Material shown:
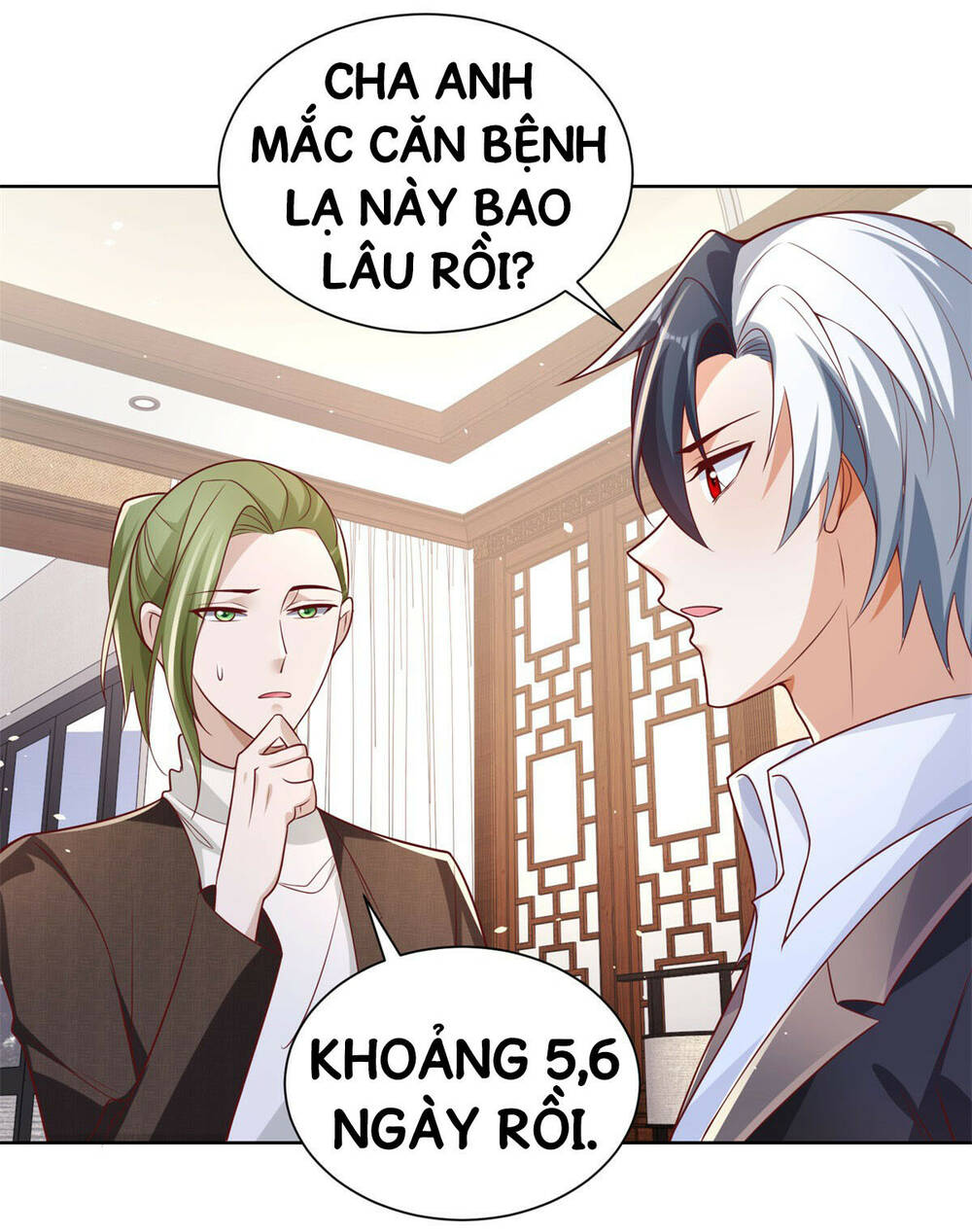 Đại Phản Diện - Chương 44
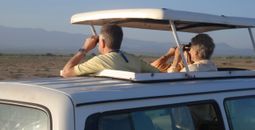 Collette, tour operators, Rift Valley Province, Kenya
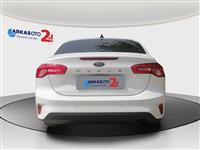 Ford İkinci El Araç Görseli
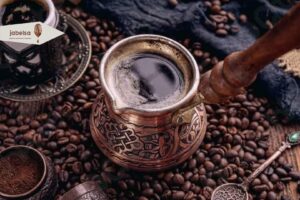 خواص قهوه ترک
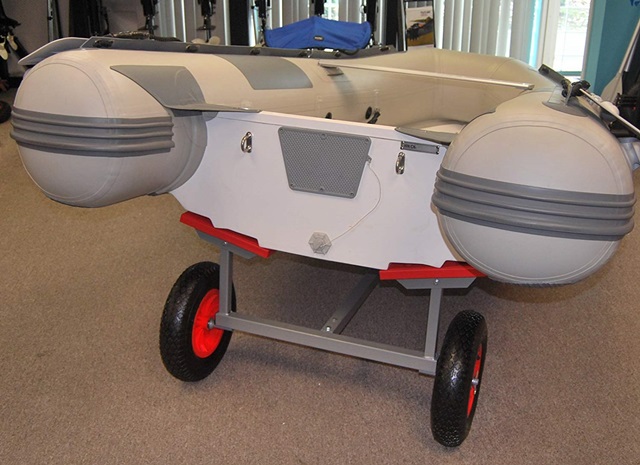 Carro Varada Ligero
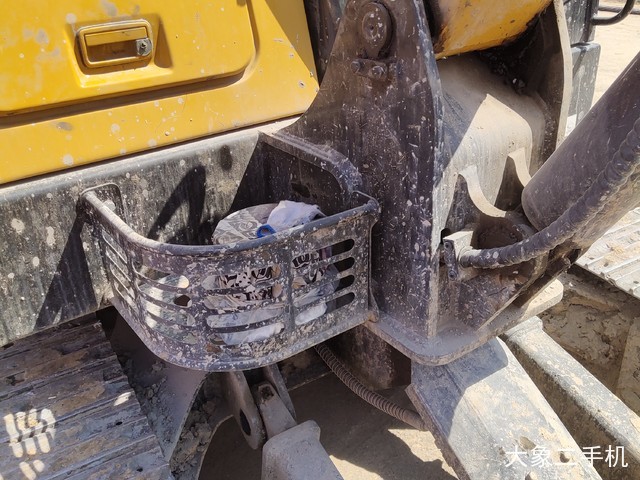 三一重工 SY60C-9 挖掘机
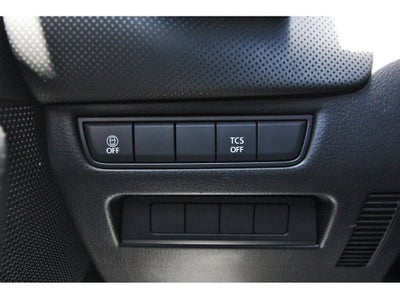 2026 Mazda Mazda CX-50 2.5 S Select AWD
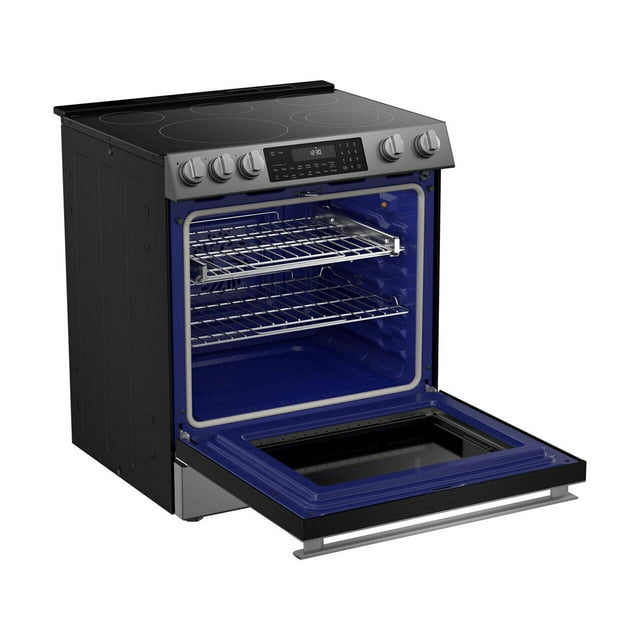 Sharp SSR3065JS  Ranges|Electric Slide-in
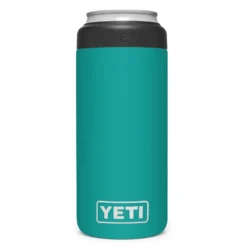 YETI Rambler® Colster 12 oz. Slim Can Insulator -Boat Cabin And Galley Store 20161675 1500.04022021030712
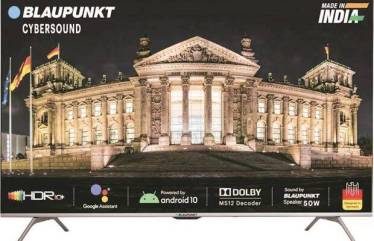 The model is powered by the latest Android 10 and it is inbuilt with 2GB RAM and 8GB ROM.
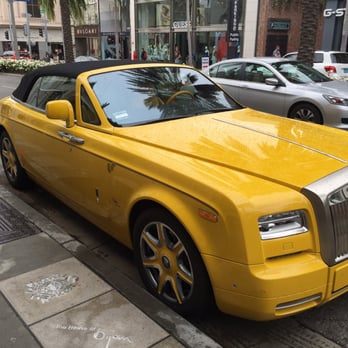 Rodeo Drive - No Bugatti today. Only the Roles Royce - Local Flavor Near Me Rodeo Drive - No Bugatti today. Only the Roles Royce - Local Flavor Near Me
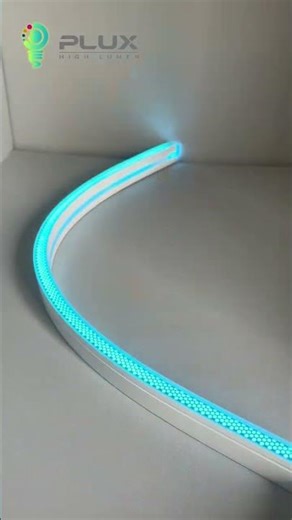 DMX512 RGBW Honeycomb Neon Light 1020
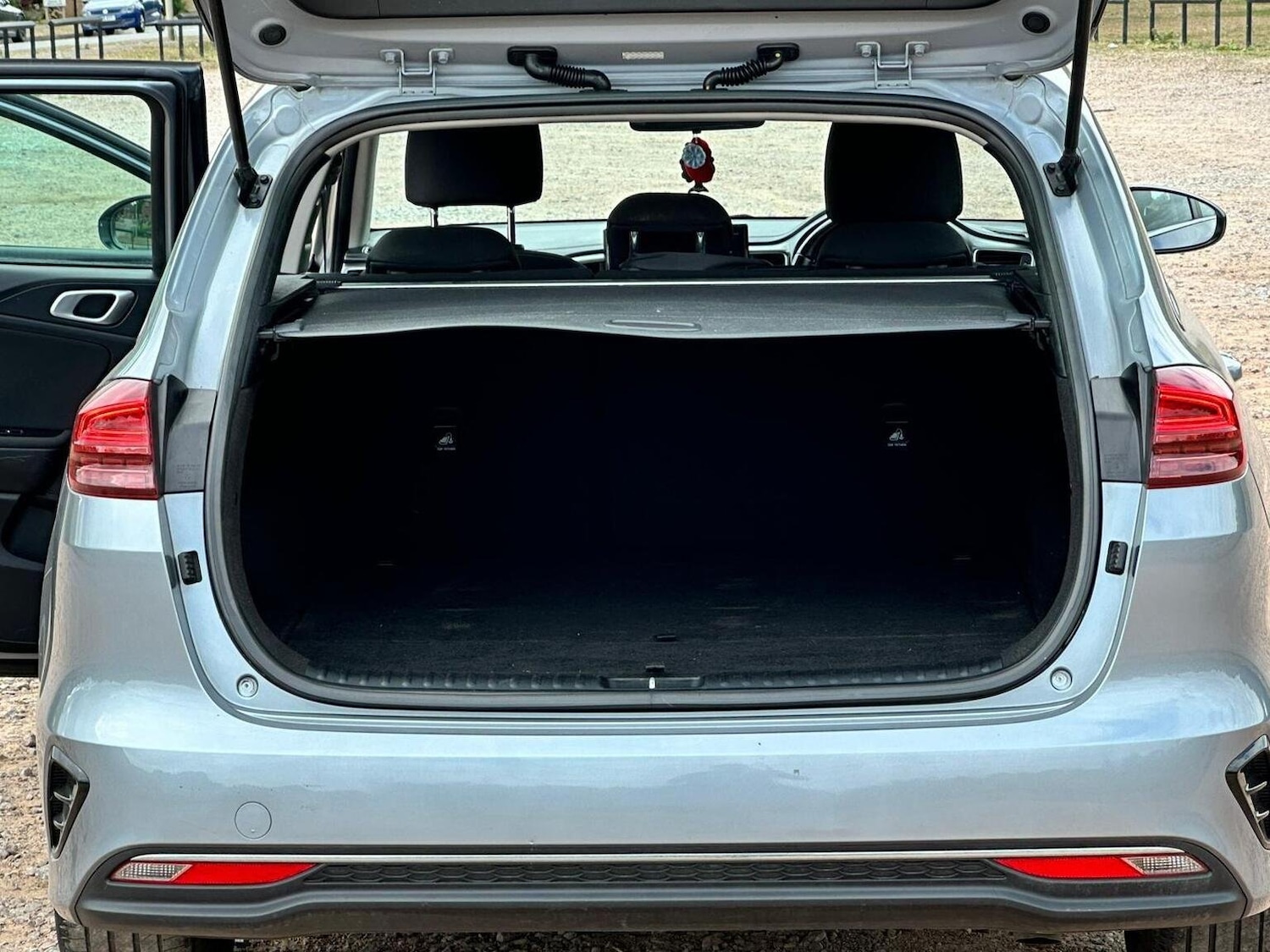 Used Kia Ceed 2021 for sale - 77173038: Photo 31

Task: Keep pictures out and return the lines from the one containing "Ford İkinci El Araç Görseli" through the end of the listing, both included, character for character.

Solution to this task:
 Ford İkinci El Araç Görseli
 خواص قهوه ترک
 Carro Varada Ligero
 三一重工 SY60C-9 挖掘机
 2026 Mazda Mazda CX-50 2.5 S Select AWD
 Sharp SSR3065JS  Ranges|Electric Slide-in
 YETI Rambler® Colster 12 oz. Slim Can Insulator -Boat Cabin And Galley Store 20161675 1500.04022021030712
 The model is powered by the latest Android 10 and it is inbuilt with 2GB RAM and 8GB ROM.
 Rodeo Drive - No Bugatti today. Only the Roles Royce - Local Flavor Near Me Rodeo Drive - No Bugatti today. Only the Roles Royce - Local Flavor Near Me
 DMX512 RGBW Honeycomb Neon Light 1020
 Used Kia Ceed 2021 for sale - 77173038: Photo 31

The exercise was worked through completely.